I just spent the last 10 minutes on my balcony, in the wind, accompanied by a cup of coffee with floating bits of cinnamon and a lone cigarette, listening to the haunting strands of desperate songs coming out from the warmth and safety of an empty apartment.

In that time I allowed my unchecked imagination to hope for the possibility of a romance like you see in the movies.
I would fly out, I would pick up and move.
I would continue to work, to finish what I've started while beginning something brand new.

In those moments of caffeine and nicotine my body responds to the lick of the passing gusts in a manner not unlike an infant to his mother's caress. Wanting to find comfort in the touch of a chilled hand. Wanting to slip into a sleep so deep that the dreams feel like the most brilliant reality.

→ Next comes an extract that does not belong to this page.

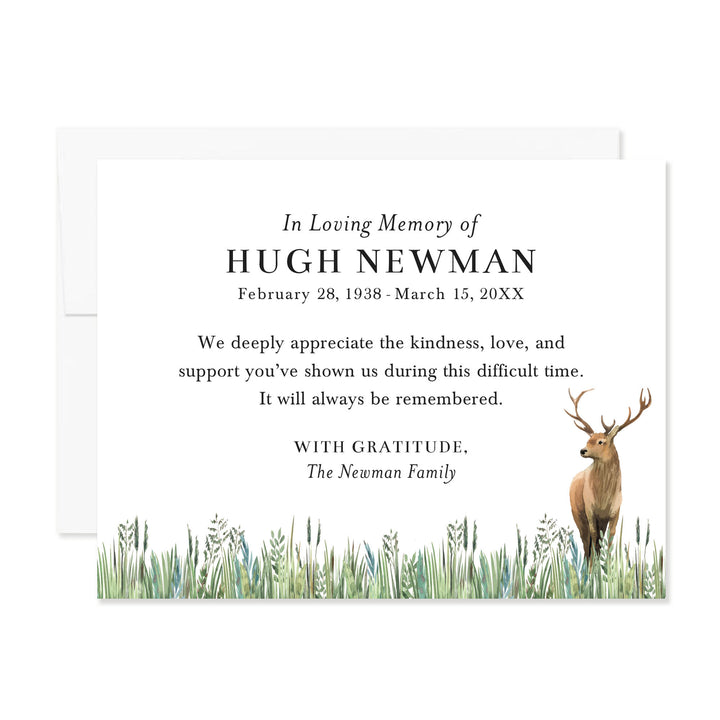 Deer In Loving Memory Funeral Thank You Cards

It's in this momentary lapse of judgment that I find a truly awakening sense of freedom.
Perhaps I should hold myself away from this dangerous flame of passion, looking only to the solid, blocky corners of the set constructed on this stage of my life.
Platforms and framing nails are my strength and power.

My control is in the knowledge of my supporting places.
I am holding to a fastidious discipline of reality.

Throw me to this wind.
Let me sail about like a half-burnt fall leaf riding alongside the fiery brilliance of the butterflies I see inside myself.

Burst forth with new passion and embrace the bleak of now as the hard, flat road leading to the golden mountains on the horizon.